Mais laissons le service public à sa misère et revenons à nos épreuves combinées qu’on aurait pu croire closes hier soir après les deux jours de décathlon puis d’heptathlon. Eh bien non ! Figurez-vous qu’en marge de la compétition officielle, le facétieux ministre de la Défense russe Sergueï Choïgou a organisé, nous disent la radio « La Voix de la Russie »  et  l’agence RIA-Novosti, une sorte de festival off, 100% inédit. Selon Ivan Bouvaltsev, chef du Département de la formation au combat des Forces armées russes : « Des compétitions internationales de biathlon pour chars d’assaut auront lieu le 17 août sur le polygone militaire d’Alabino, dans la région de Moscou. »
Les règles de cette nouvelle discipline (ou plutôt de cette discipline « en devenir » comme on dit sur France 2) sont furieusement inspirées de celles du biathlon tradi, qui combine ski de fond et tir à la carabine. Mais les organisateurs ont procédé à de menues modifications du règlement originel : les chars engagés, explique le général Bouvaltsev « devront parcourir une piste de 20 kilomètres et participer à trois séances de tir – en utilisant un missile, une mitrailleuse antiaérienne et trois obus d’artillerie. Les cibles seront installées à une distance de 0,9 km à 2,2 km. Chaque cible manquée ajoute 500 mètres supplémentaires à parcourir. »

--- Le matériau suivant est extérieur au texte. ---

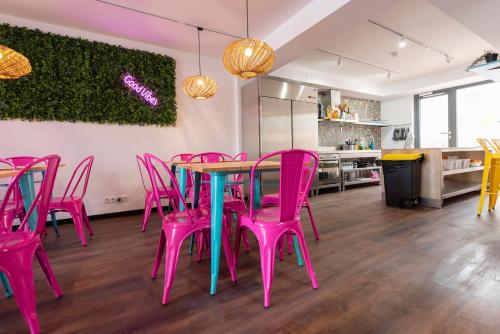 Zimmer mit einem Tisch und rosa Stühlen in der Unterkunft Hostelle - Women only hostel Barcelona in Barcelona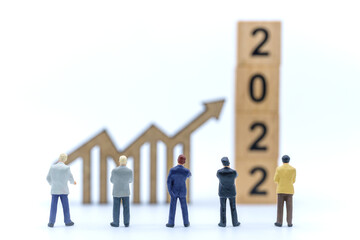 2022 New Year and Business Planning Concept. Closeup of group of businessman miniature figures standing and looking to wooden arrow chart sign and stack of wooden number block on white background.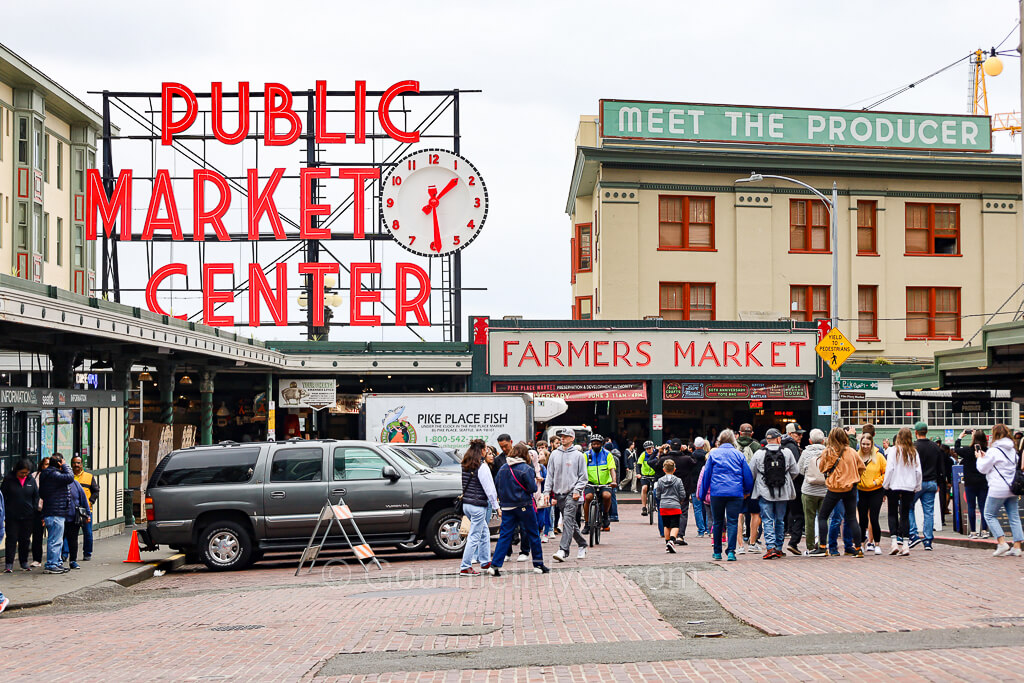 The large "Public Market Center" sign is lit up in red at the Pike Place Farmers Market.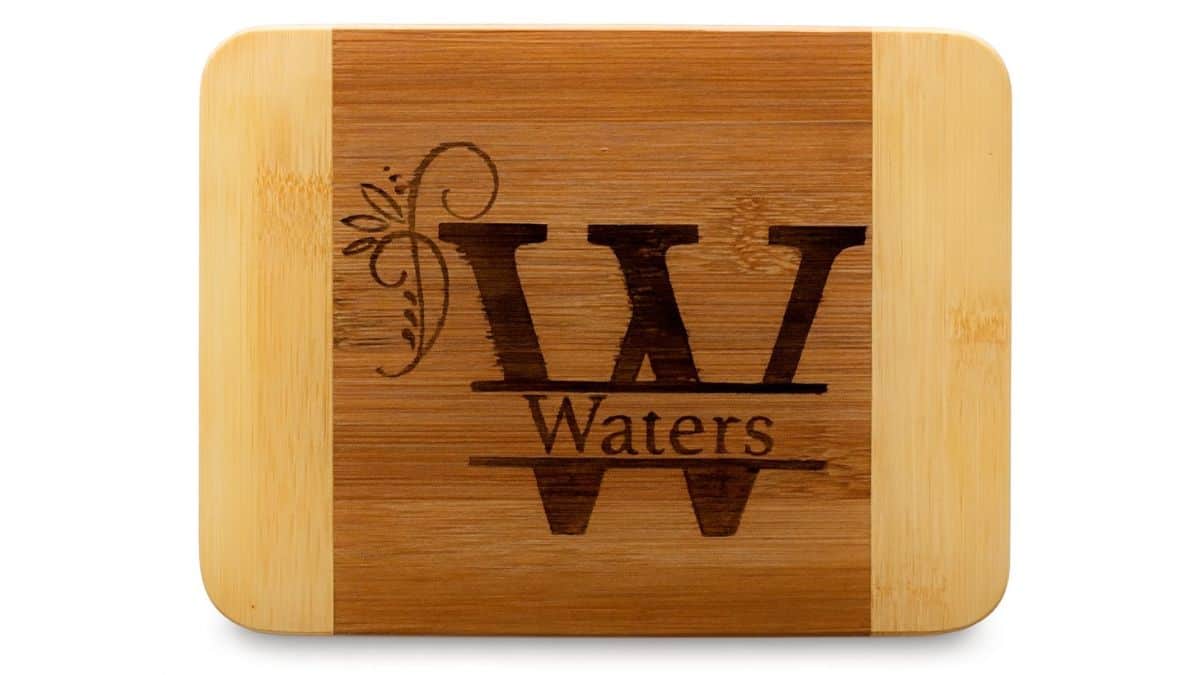 Customized bamboo cutting board displaying the W monogram and the surname Waters.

Outre les équipages du pays hôte, ces championnats verront s’affronter des tankistes de trois autres républiques post-soviétiques et néanmoins amies : l’Arménie, la Biélorussie, et le Kazakhstan. Mais ce n’est qu’un début et le ministre Sergueï Choïgou a annoncé que l’Italie et l’Allemagne devraient participer à la prochaine édition et que les Etats-Unis ont également été invités.
On notera avec surprise que pour l’instant, aucune organisation de défense des droits de l’homme n’a appelé au boycott de la compétition.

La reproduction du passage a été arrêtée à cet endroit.